_PROBLEM TO WORK ON:_ All of the data beneath this instruction is to be transcribed word for word.

_EXTRACTED RECORDS:_
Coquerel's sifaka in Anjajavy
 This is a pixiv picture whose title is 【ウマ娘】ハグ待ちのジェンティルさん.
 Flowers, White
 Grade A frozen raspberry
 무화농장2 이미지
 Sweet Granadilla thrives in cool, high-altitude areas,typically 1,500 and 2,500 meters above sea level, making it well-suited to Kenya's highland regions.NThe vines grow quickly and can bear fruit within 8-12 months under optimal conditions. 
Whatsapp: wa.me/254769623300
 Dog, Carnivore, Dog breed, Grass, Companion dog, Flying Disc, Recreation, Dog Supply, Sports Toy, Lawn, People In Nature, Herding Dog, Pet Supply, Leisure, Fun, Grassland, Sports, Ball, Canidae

_OUTPUT BELOW:_
Coquerel's sifaka in Anjajavy
 This is a pixiv picture whose title is 【ウマ娘】ハグ待ちのジェンティルさん.
 Flowers, White
 Grade A frozen raspberry
 무화농장2 이미지
 Sweet Granadilla thrives in cool, high-altitude areas,typically 1,500 and 2,500 meters above sea level, making it well-suited to Kenya's highland regions.NThe vines grow quickly and can bear fruit within 8-12 months under optimal conditions. 
Whatsapp: wa.me/254769623300
 Dog, Carnivore, Dog breed, Grass, Companion dog, Flying Disc, Recreation, Dog Supply, Sports Toy, Lawn, People In Nature, Herding Dog, Pet Supply, Leisure, Fun, Grassland, Sports, Ball, Canidae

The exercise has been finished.